The panel spoke to the students through a Skype conversation. The wonderful world of technology brought their expertise live from New York to the TECO Theater, where students were able to ask questions after the discussion. One student asked about their most challenging experience...
“Miss Saigon always had me on the edge of my seat,” said Wolf, who served as stage manager for five years on the touring production. “I never fully felt comfortable calling the cues because so much could go wrong.”
Whether working on plays or elaborate Broadway musicals, the panel agreed that being responsible for a set and calling cues for a hit Broadway show can be a lot of pressure. But it also has its up side.
“Being a part of live theater is intoxicating,” said James Fitzsimmons, stage manager for the current production of Mrs. Warren’s Profession. “It takes many people to come together collectively for a show to work. You feed off other people’s energy.”

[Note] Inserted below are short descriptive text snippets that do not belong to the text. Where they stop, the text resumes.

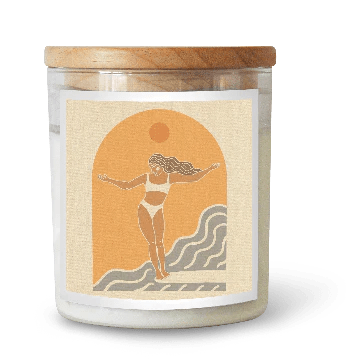 The Commonfolk Wave Chaser ft. Roam Slow Studio Candle - Palm Desert TCC160F Splash Swimwear Health & Beauty 1000013502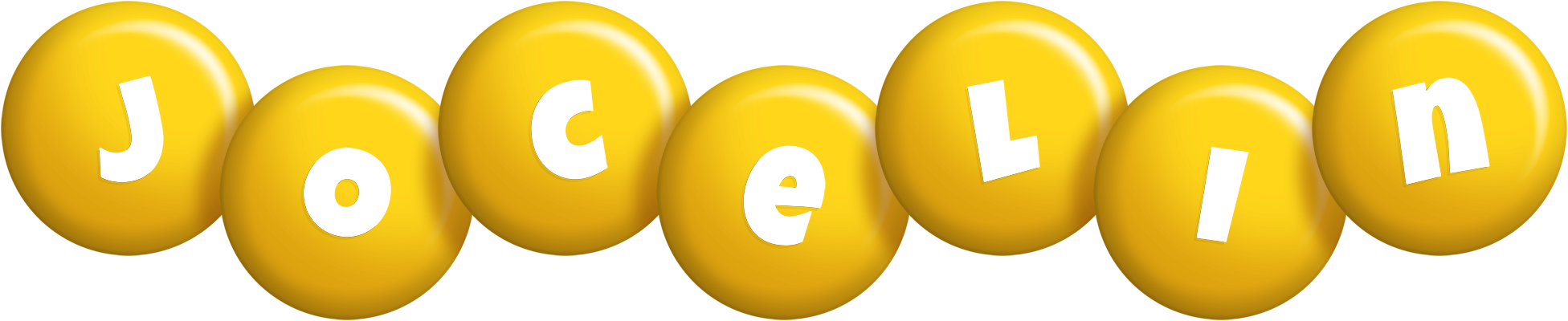 Jocelin candy-yellow logo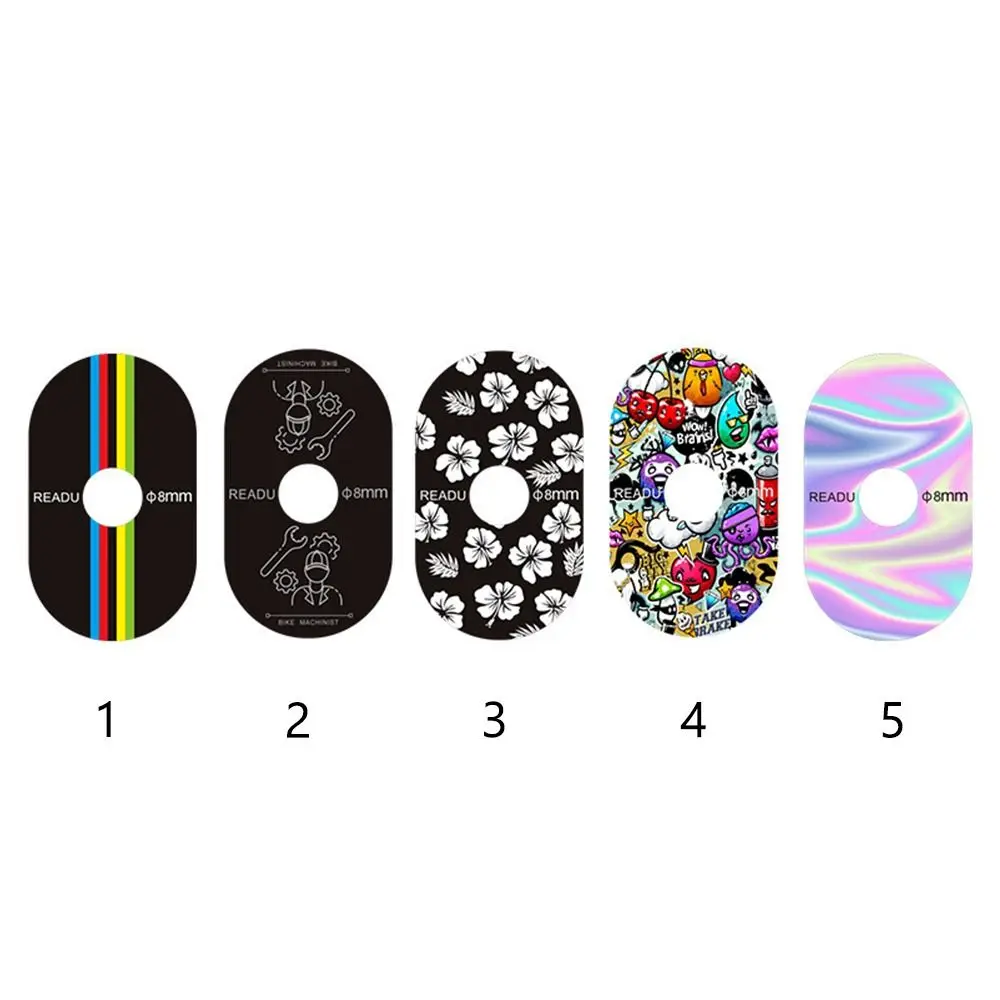 Pack de pegatinas multicolores para válvula de bicicleta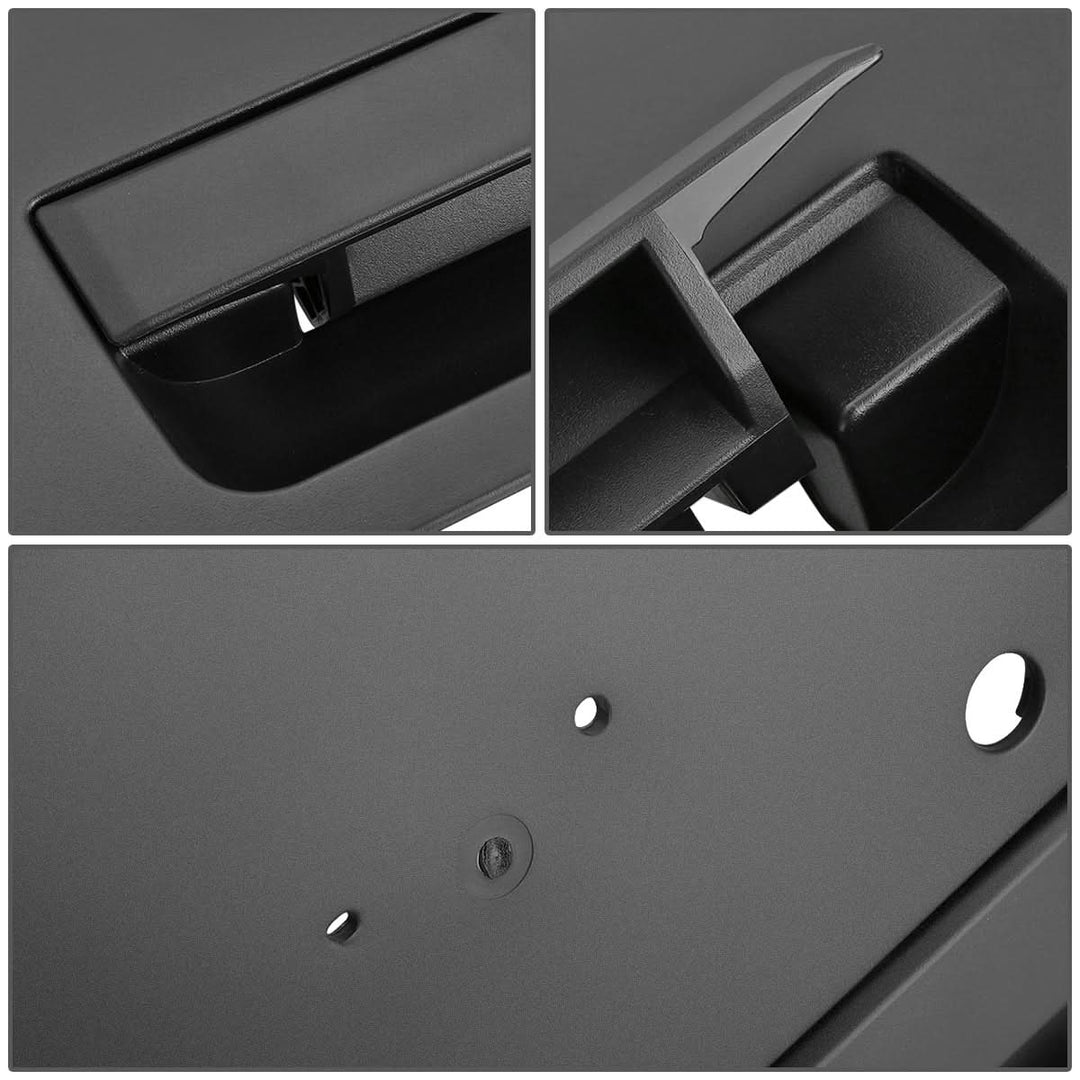 04-12 Nissan Titan Tailgate Handle with Emblem Provision - Black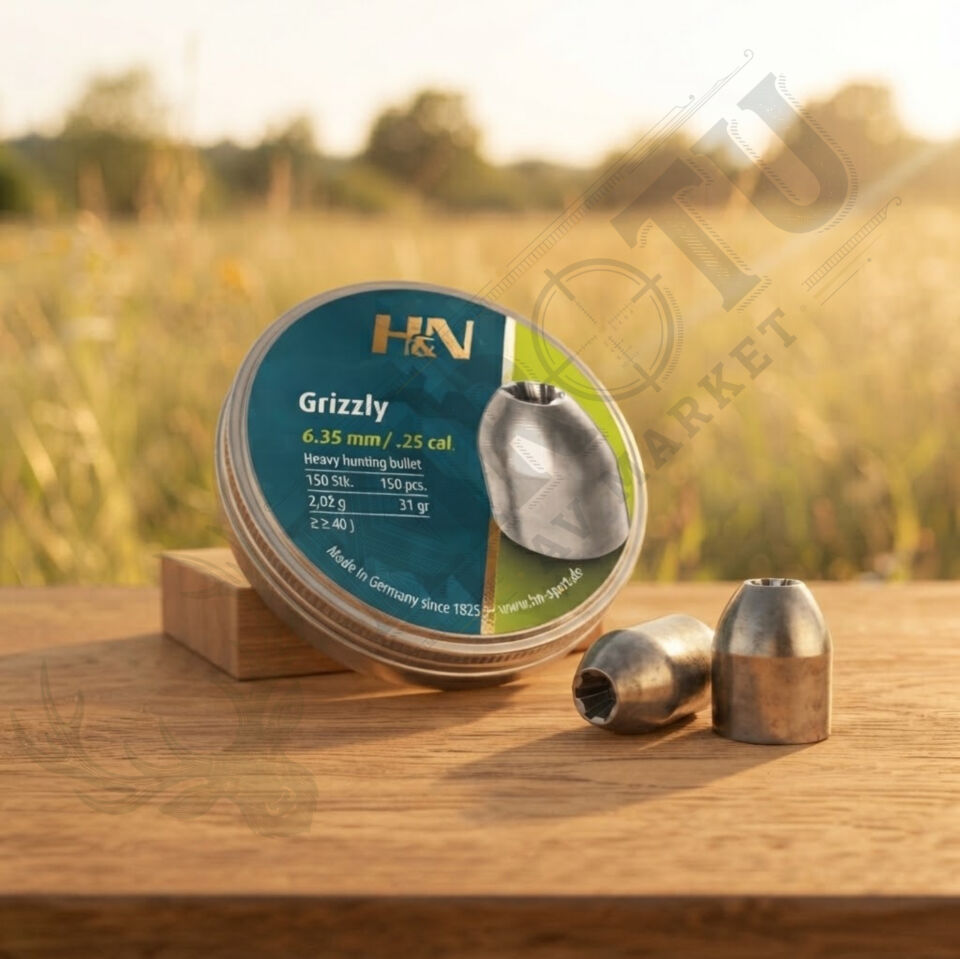 H&N Grizzly 6.35 mm (.25 Caliber) 31 Grain Havalı Tüfek Saçması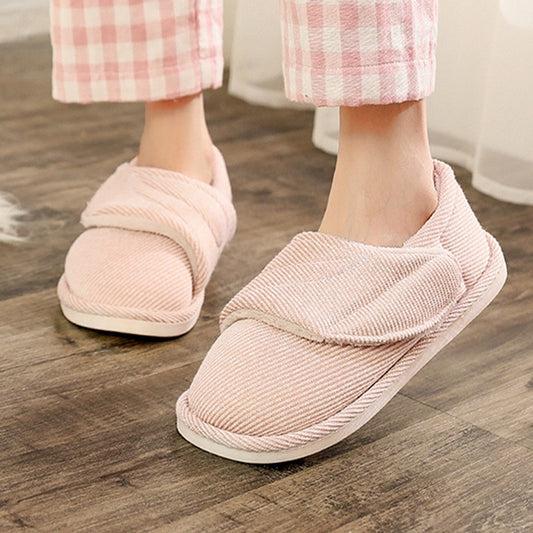 Diabetic Slippers For Women Adjustable Closure Hook & Loop Home Ladies slippers Memory Foam.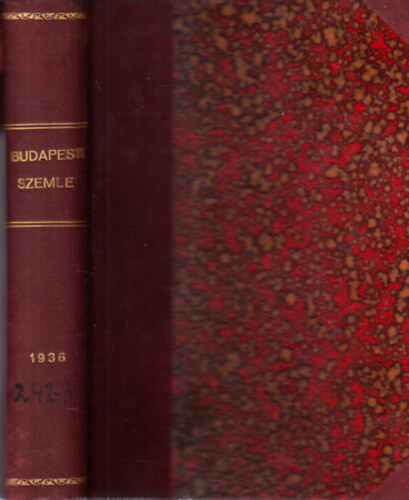 Voinovich Gza - Budapesti Szemle 242. ktet - 704.,705.,706. szm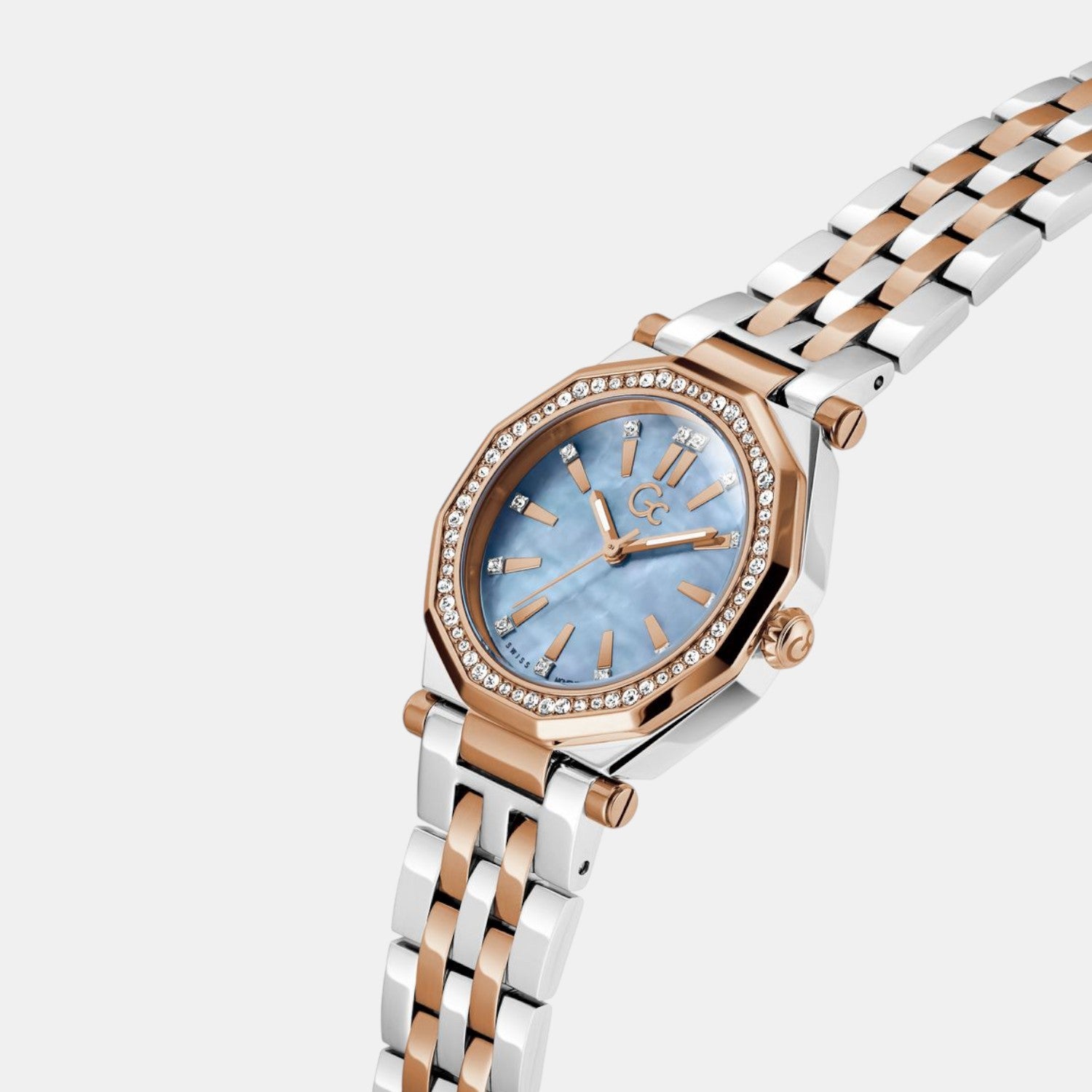 Gleam Women Quartz Blue Dial Analog Stainless Steel Watch Z55002L7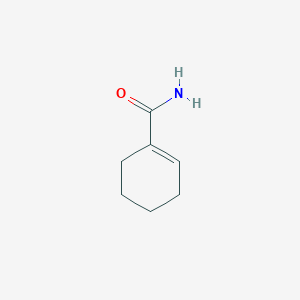 molecular formula C7H11NO B14309645 Cyclohexenecarboxamide CAS No. 112170-66-8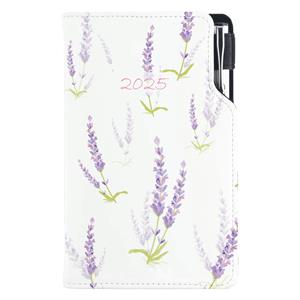 Diary DESIGN weekly pocket 2025 CZ - Lavender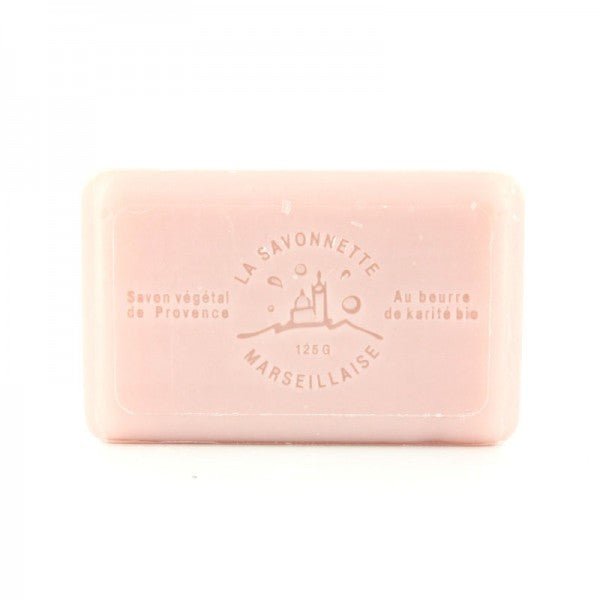 French Marseille Soap Eglantine (Briar Rose) 125g - Eco Natural Products - FouFour - Savon de Marseille - Bar Soap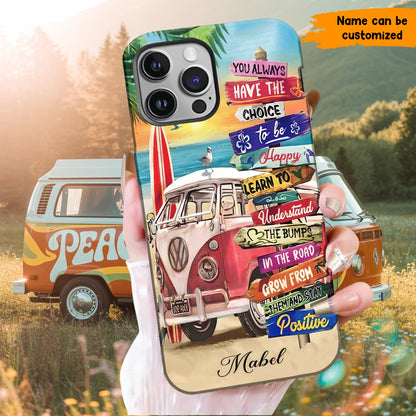 Personalized Hippie Van Inspirational Phone Case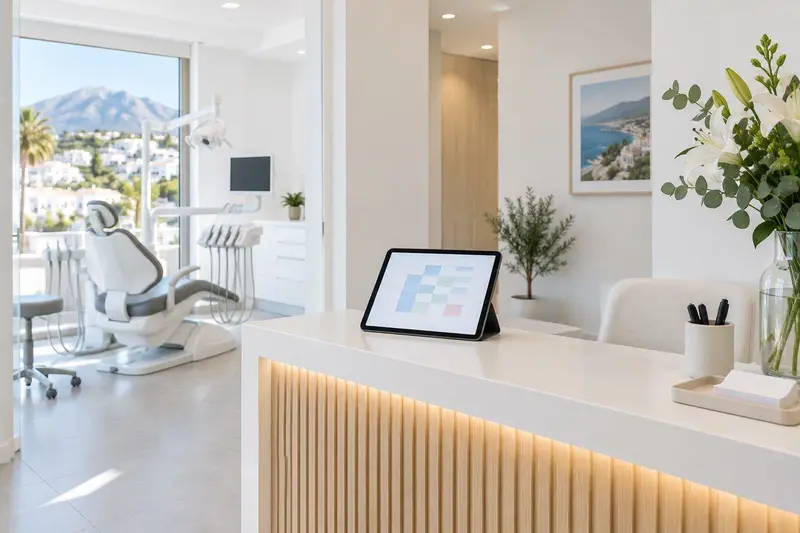 Clínica dental en Mijas usando un agente de inteligencia artificial para gestionar citas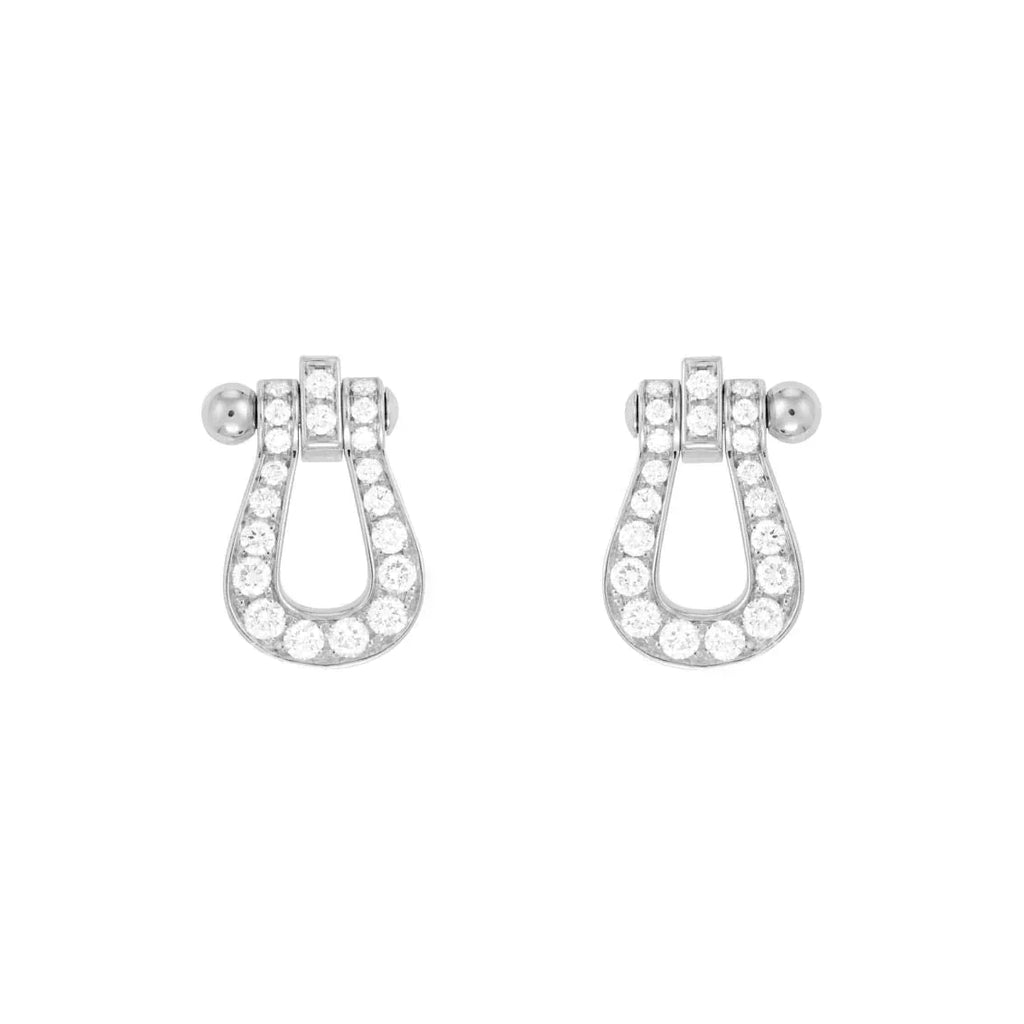 Aura FORCE 10 FULL DIAMOND STUD EARRINGS MINI MODELL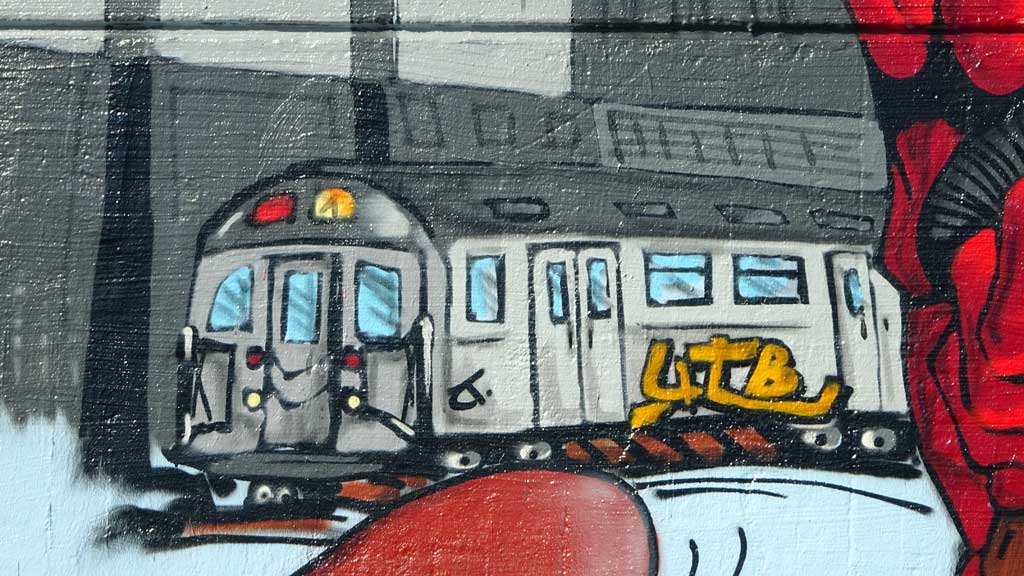 Graffiti in Frankfurt - Comic-Art-Wall am Niddapark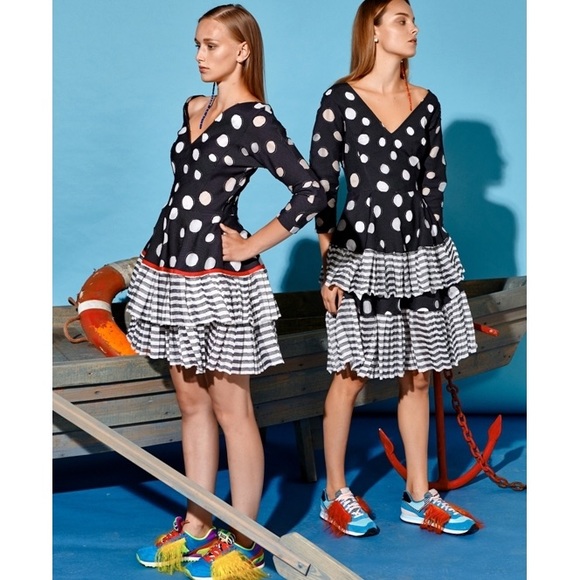 NEW Polka dot ruffles dress - Picture 4 of 4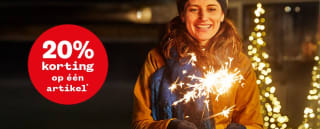 20% korting op 1 artikel naar keuze bij Welkoop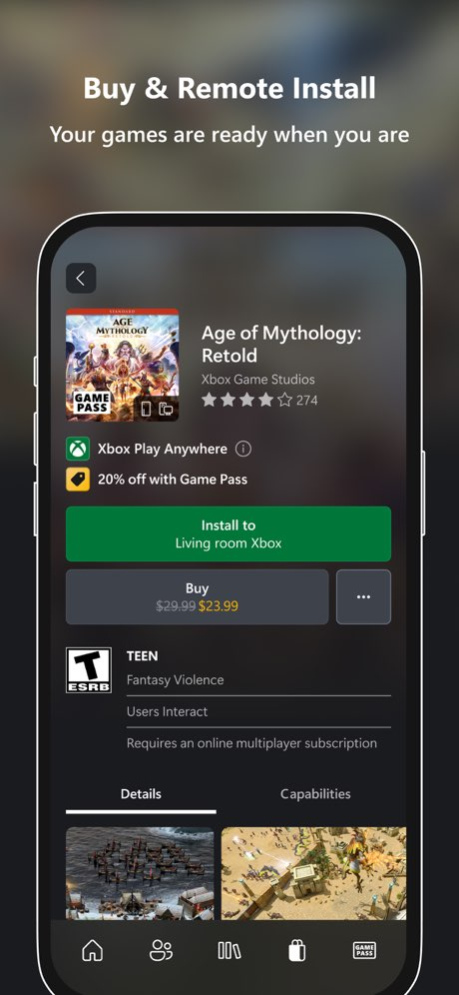 XBOX 2609.3.1 Screenshot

Another thing they all agreed on: whether you want to be an actor or behind-the-scenes, it’s important to become familiar with all aspects of theater work.
Wolf started as an actor. "As an actor, there are so many people fighting for the same roles. But if you have special skills, like organizational skills, you may be suited for another role."
He filled in once as a production assistant at a summer stock theater, and then consistently got called on for that role. "I realized it's the right fit for me," he said.
The collective advice from the panel members to anyone who wants to break into the business is to make an effort to learn as much as possible about the industry, including production.
James Fitzsimmons said he got his start working off Broadway as a production assistant. He fetched coffee and mopped floors.
A graduate of New York University, he said, “I went to school for lighting design. I didn’t know about the tons of different outlets that were available working in theater...administration, marketing, business.”
Pay your dues in community theater and summer stock theaters and explore all your options, they said.
“Don’t limit yourself to one area,” said Wolf. “Know about costumes, sets, do everything that you can.”